(INFORMATION PROVIDED):
* * *

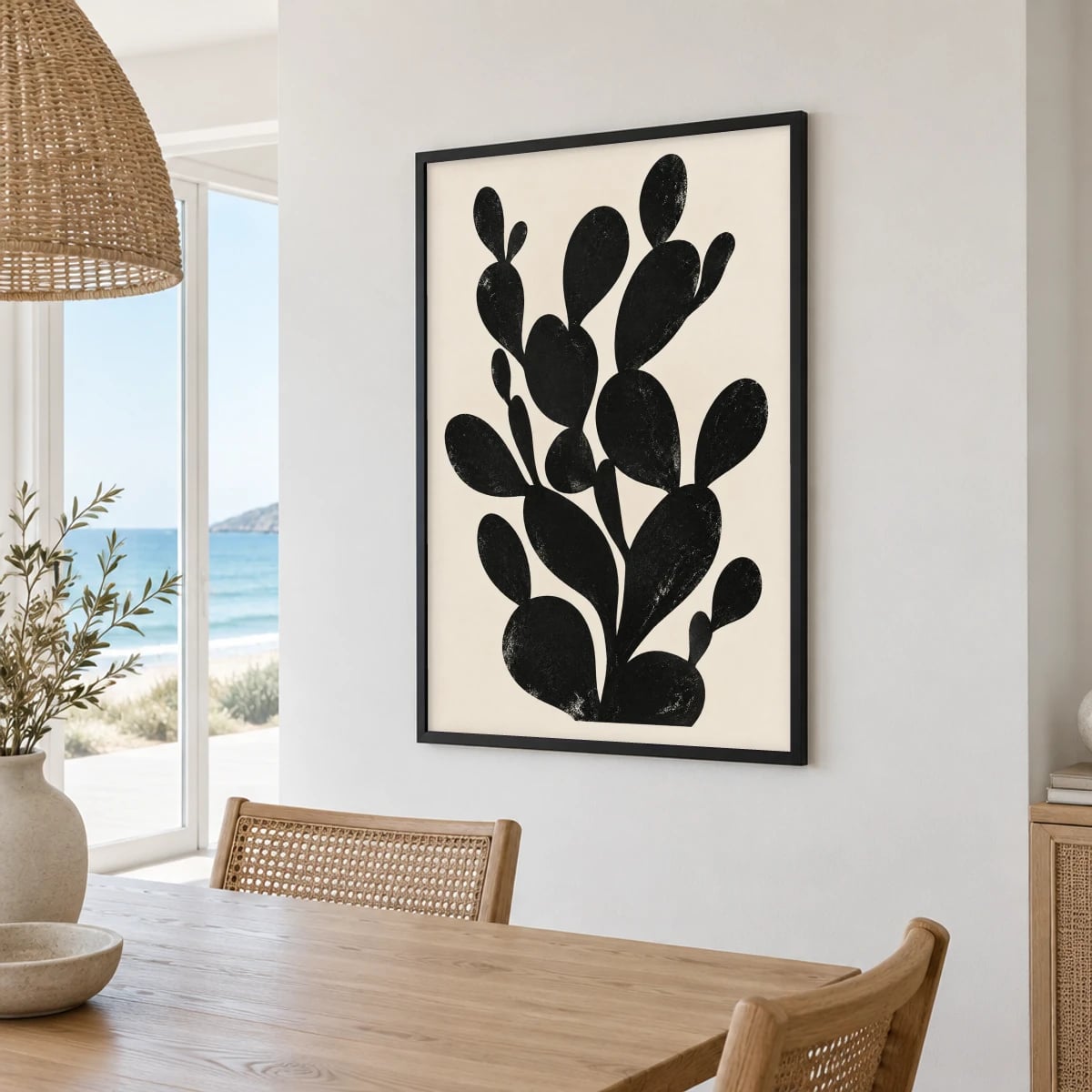 Quadro Cacto Silvestre em Silhueta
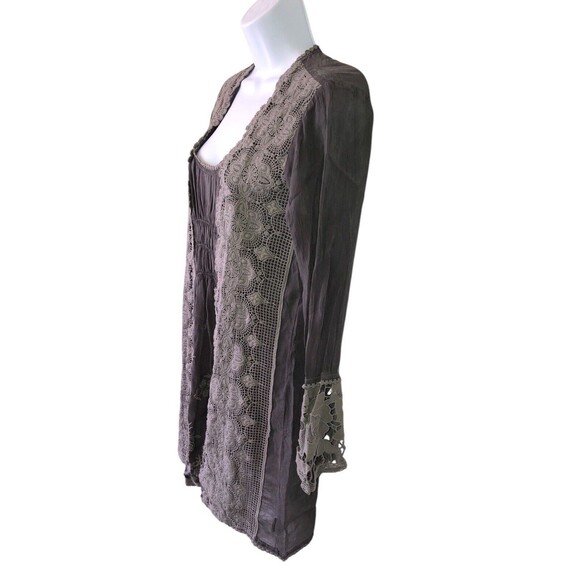 Johnny Was rayon pewter embroidered lace eyelet kimono style boho tunic top XS - Picture 2 of 9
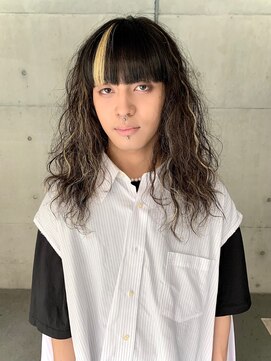 レコ 渋谷(LECO) メンズロングハイライトパーマ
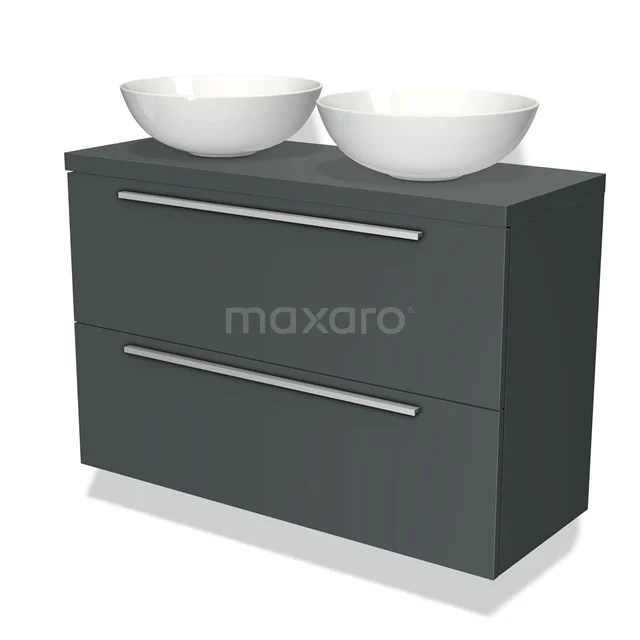 Dark grey bathroom furniture set with two white countertop wash basins, modern finish and double drawers for storage.
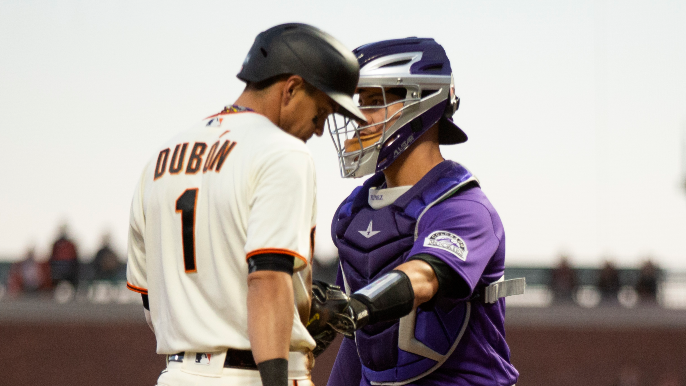 Oh no: Mauricio Dubon runs into Ron Wotus while trying to score – KNBR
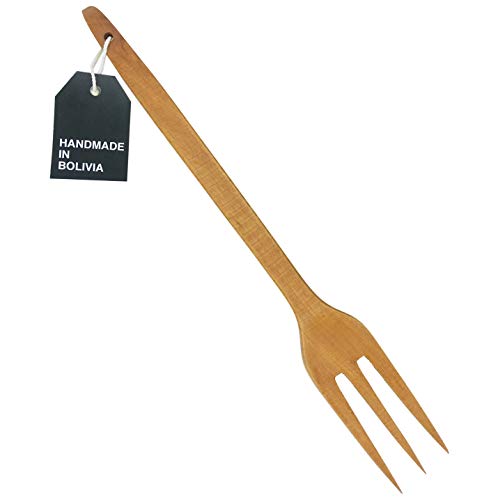 Wooden Cooking Serving Utensils High Heat Resistance - Handmade (Wooden Fork - Three Tines)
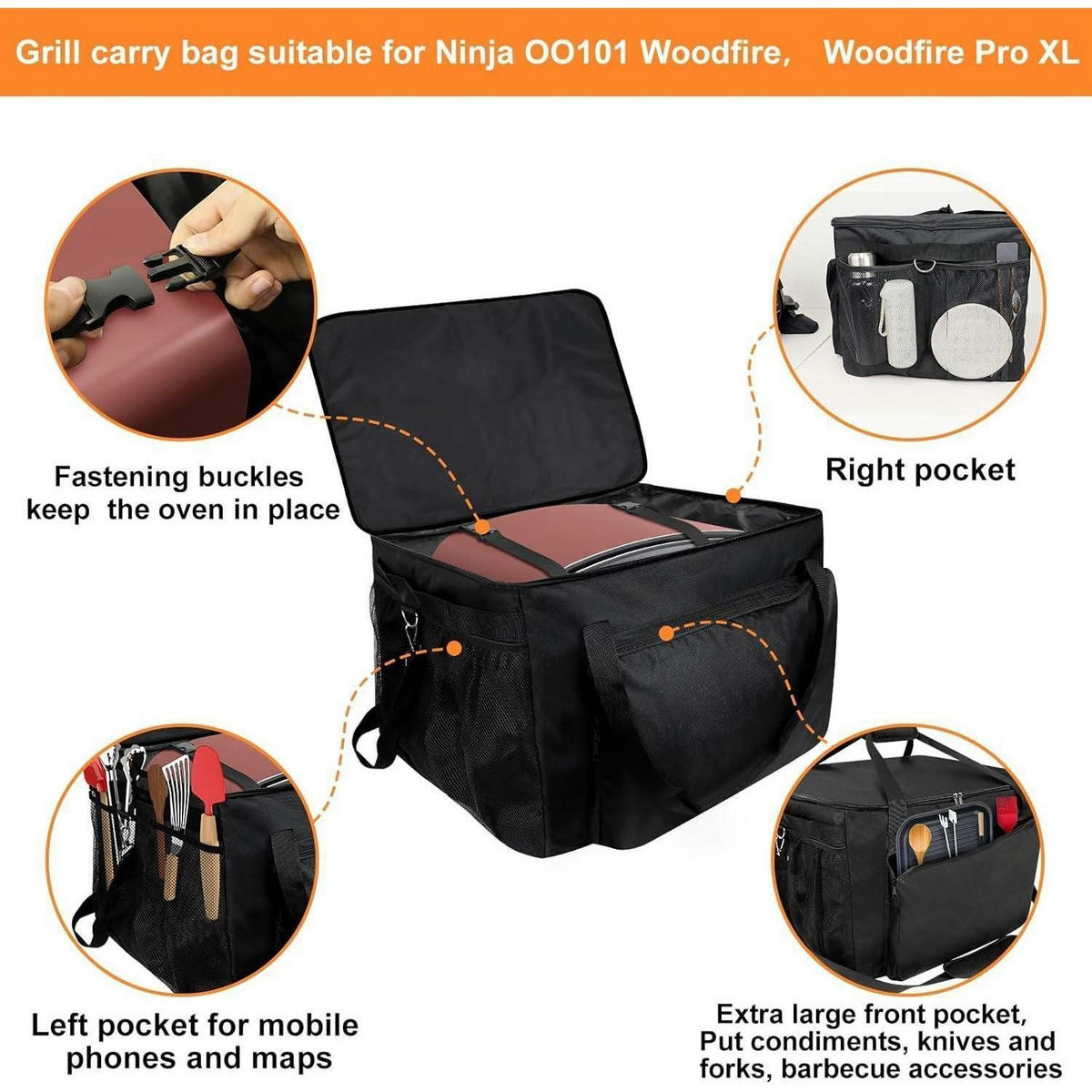 GRILL-TRAGETASCHE für Ninja Woodfire Outdoor Pizzaofen OO101, wasserabweisend, 600D Oxford-Gewebe - Schwarz, Textil (50/40/58cm)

* * *

(PROMPT): What you output must be exactly the lines from the line with "Dark grey bathroom" through the last line of the listing, pictures excluded.

(RESPONSE AREA):
 Dark grey bathroom furniture set with two white countertop wash basins, modern finish and double drawers for storage.
 Oh no: Mauricio Dubon runs into Ron Wotus while trying to score – KNBR
 Wooden Cooking Serving Utensils High Heat Resistance - Handmade (Wooden Fork - Three Tines)
 GRILL-TRAGETASCHE für Ninja Woodfire Outdoor Pizzaofen OO101, wasserabweisend, 600D Oxford-Gewebe - Schwarz, Textil (50/40/58cm)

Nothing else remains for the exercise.